- **The problem**
When you reach the line that contains "Women's Ocean Fish" in the data below, start reproducing lines exactly, and stop after the line that contains "Adresetiketten voor de".

- **Data for review**
Content starts

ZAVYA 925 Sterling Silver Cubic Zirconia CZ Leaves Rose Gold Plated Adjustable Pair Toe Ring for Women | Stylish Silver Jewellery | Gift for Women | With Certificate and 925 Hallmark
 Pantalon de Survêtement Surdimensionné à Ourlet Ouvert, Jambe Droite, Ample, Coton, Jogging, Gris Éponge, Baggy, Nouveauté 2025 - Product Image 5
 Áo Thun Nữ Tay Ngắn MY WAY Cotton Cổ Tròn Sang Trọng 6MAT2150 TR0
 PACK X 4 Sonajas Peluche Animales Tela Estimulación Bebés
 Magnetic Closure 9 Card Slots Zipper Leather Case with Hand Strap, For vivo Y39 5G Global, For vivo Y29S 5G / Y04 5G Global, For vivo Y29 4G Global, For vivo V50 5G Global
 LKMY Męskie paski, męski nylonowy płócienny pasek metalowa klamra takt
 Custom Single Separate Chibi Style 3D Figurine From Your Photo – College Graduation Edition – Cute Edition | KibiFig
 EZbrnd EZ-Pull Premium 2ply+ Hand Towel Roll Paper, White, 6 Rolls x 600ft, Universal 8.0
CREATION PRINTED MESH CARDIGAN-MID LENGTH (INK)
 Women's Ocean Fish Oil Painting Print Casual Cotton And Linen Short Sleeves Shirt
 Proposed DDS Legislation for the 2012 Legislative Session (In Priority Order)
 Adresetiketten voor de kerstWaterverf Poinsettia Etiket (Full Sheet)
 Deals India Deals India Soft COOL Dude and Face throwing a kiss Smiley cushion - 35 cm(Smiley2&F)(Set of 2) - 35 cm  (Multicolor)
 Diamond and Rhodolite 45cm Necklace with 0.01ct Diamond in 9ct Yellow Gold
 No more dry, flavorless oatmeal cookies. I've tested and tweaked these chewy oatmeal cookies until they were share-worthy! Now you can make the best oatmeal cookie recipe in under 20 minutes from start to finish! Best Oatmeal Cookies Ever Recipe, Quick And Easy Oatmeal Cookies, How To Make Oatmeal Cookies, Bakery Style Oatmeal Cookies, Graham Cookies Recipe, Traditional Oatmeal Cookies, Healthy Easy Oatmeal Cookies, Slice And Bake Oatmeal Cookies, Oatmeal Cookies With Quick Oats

Content ends

- **Answer space**
 Women's Ocean Fish Oil Painting Print Casual Cotton And Linen Short Sleeves Shirt
 Proposed DDS Legislation for the 2012 Legislative Session (In Priority Order)
 Adresetiketten voor de kerstWaterverf Poinsettia Etiket (Full Sheet)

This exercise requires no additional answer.